• **Task requirements**:
Everything in the records below from the line containing "Jucoan 20 Pack" through the line containing "Convite de Aniversário" is to be reproduced exactly, those two lines included; no picture is to be copied.

• **The data**:
------------

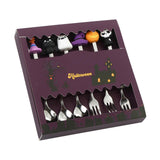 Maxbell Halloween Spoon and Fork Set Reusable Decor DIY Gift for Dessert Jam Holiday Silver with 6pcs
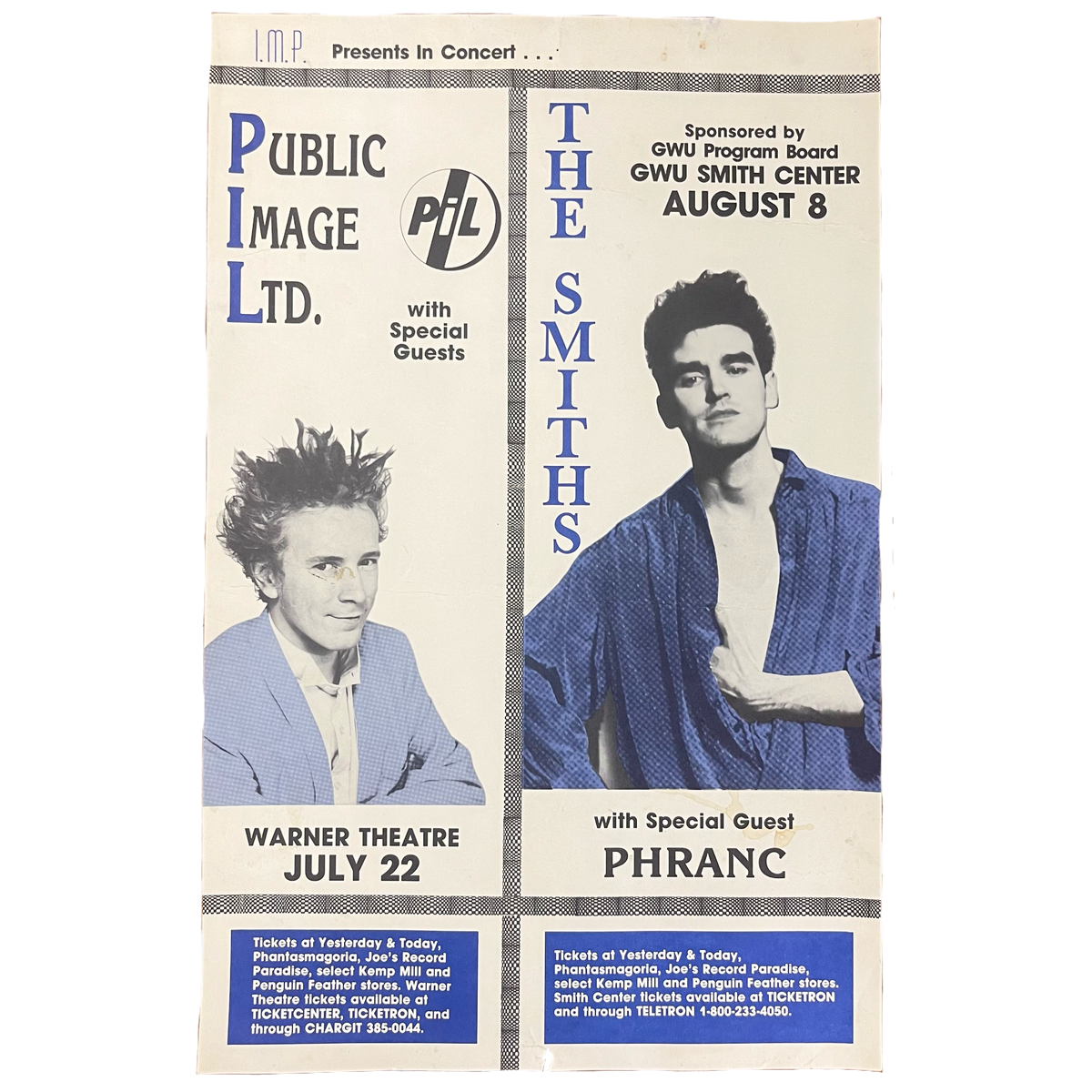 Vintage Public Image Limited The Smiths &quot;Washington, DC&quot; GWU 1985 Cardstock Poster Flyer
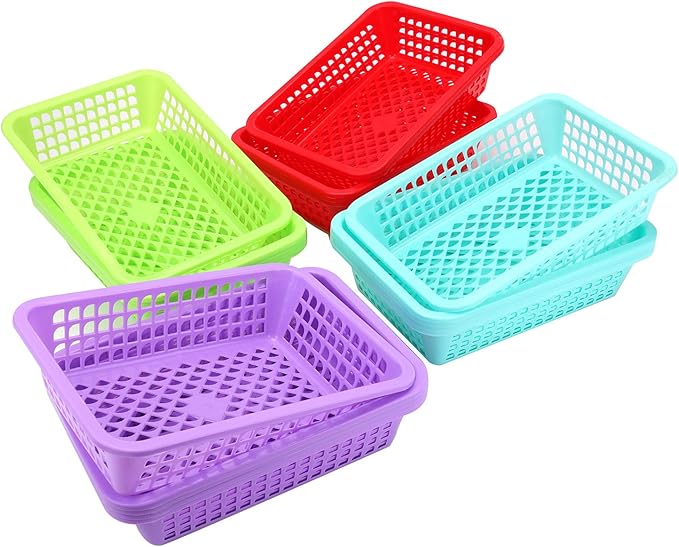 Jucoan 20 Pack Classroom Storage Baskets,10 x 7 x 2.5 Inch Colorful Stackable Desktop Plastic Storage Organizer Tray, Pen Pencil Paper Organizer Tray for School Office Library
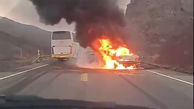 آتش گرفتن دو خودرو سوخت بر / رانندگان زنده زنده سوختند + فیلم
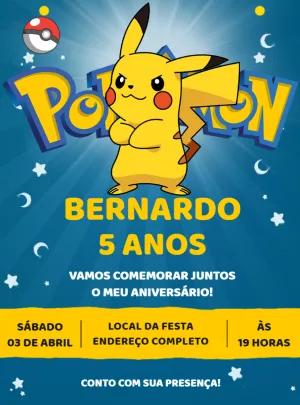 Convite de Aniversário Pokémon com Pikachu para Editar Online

------------

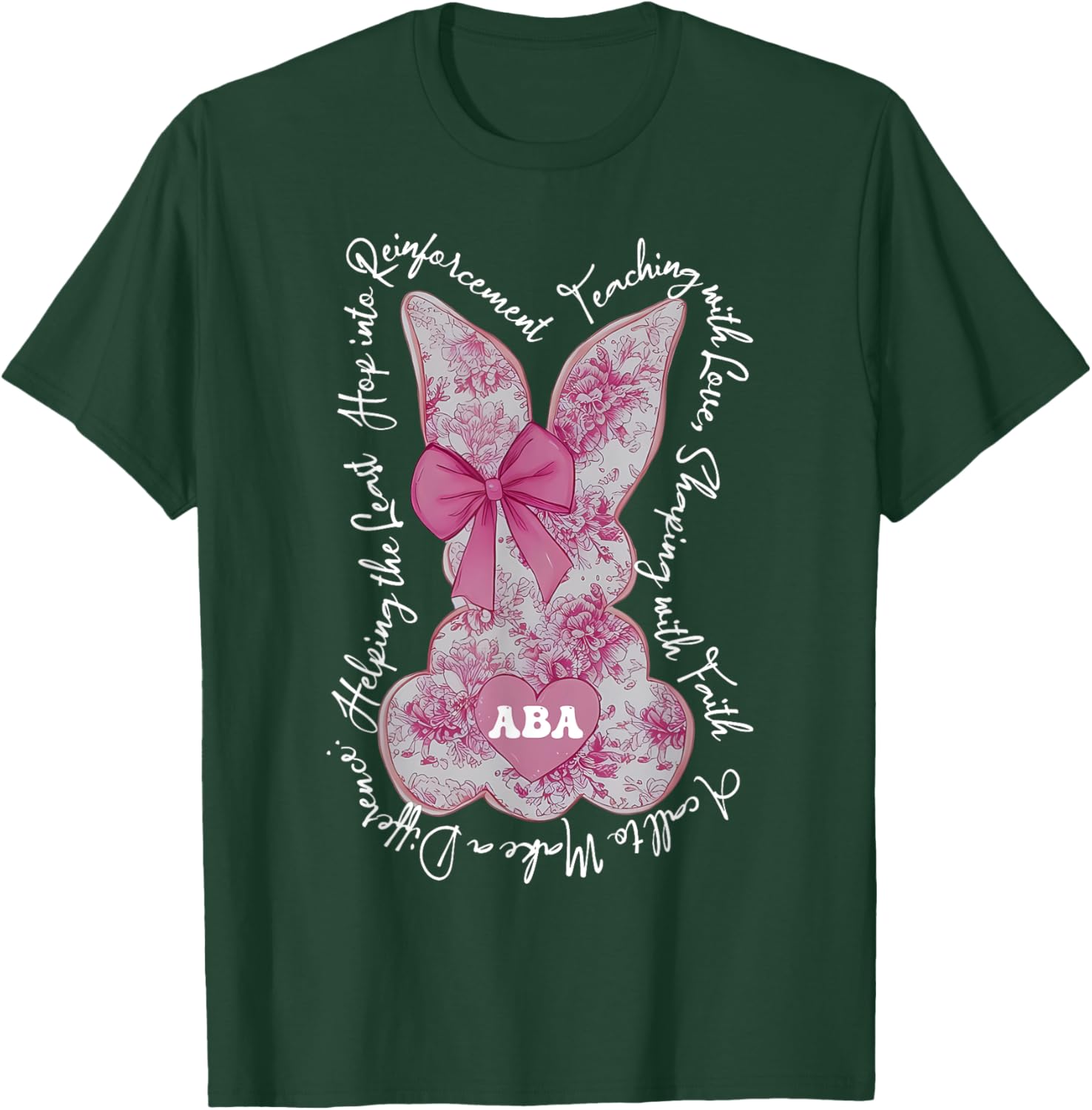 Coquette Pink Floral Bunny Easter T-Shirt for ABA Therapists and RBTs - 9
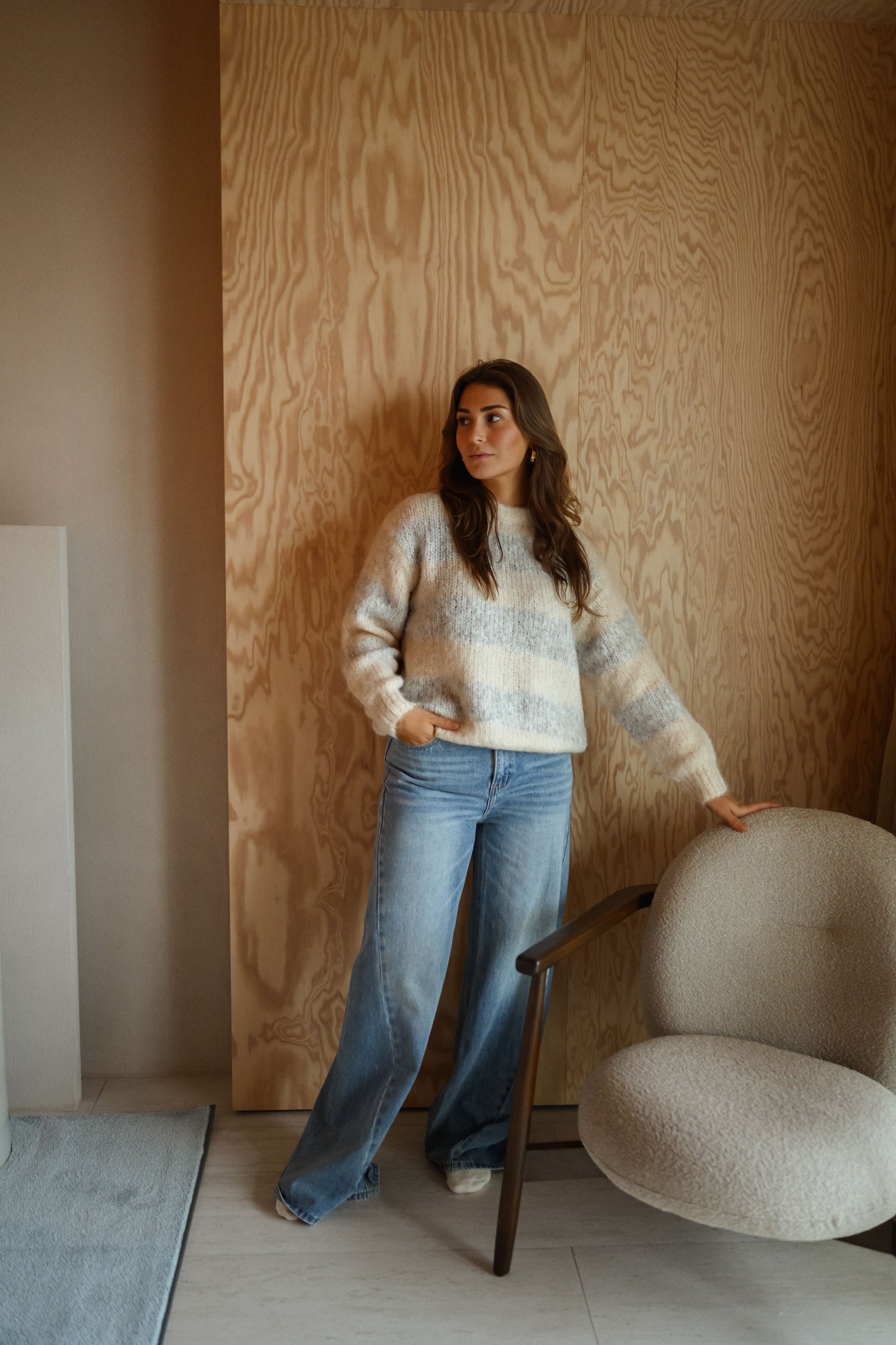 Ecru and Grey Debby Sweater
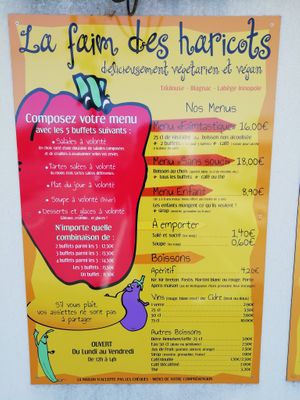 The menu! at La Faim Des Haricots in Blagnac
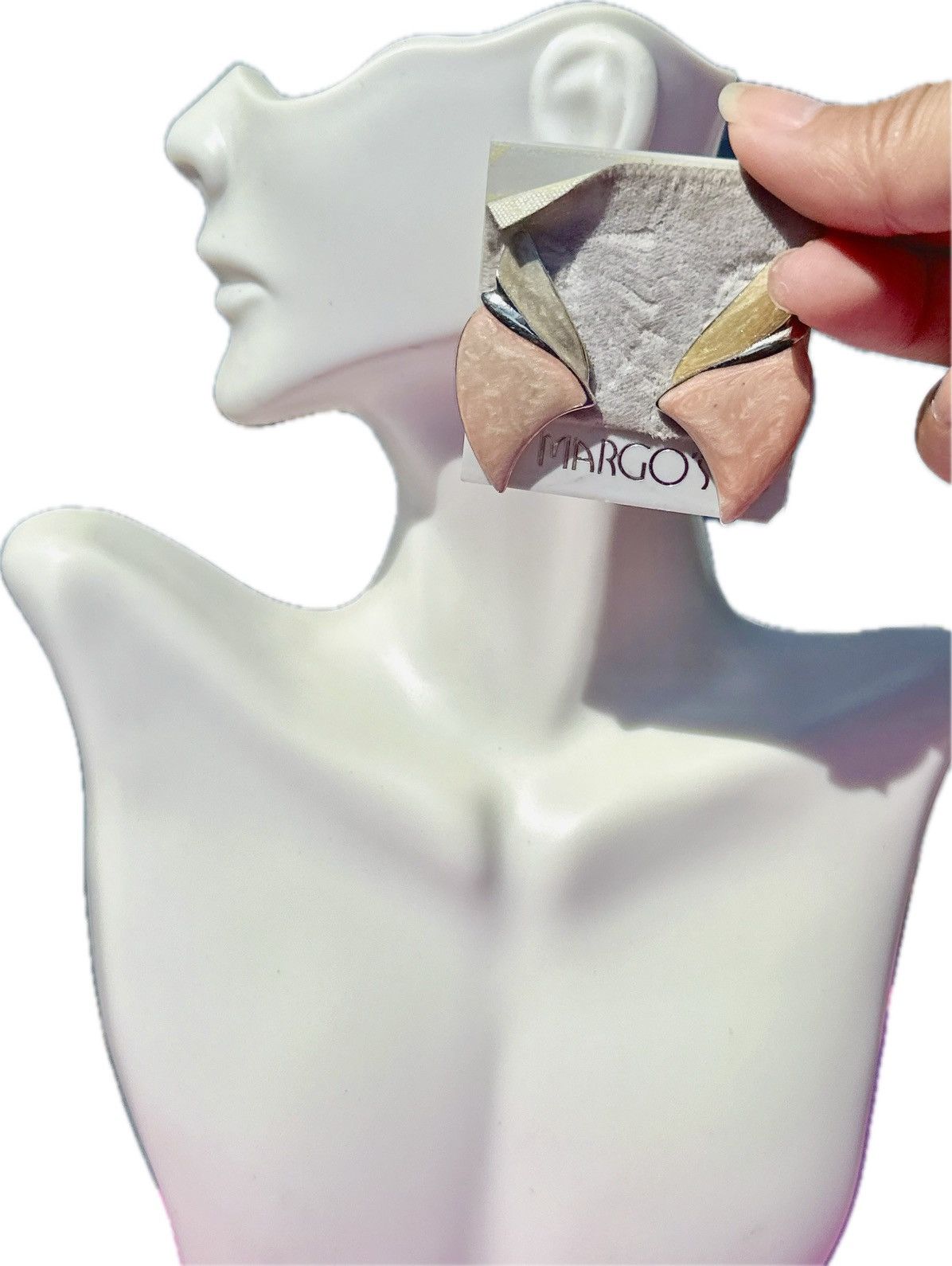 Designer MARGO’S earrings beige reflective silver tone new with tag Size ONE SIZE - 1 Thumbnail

------------

• **Solution for this task**:
 Jucoan 20 Pack Classroom Storage Baskets,10 x 7 x 2.5 Inch Colorful Stackable Desktop Plastic Storage Organizer Tray, Pen Pencil Paper Organizer Tray for School Office Library
 آتش گرفتن دو خودرو سوخت بر / رانندگان زنده زنده سوختند + فیلم
 Convite de Aniversário Pokémon com Pikachu para Editar Online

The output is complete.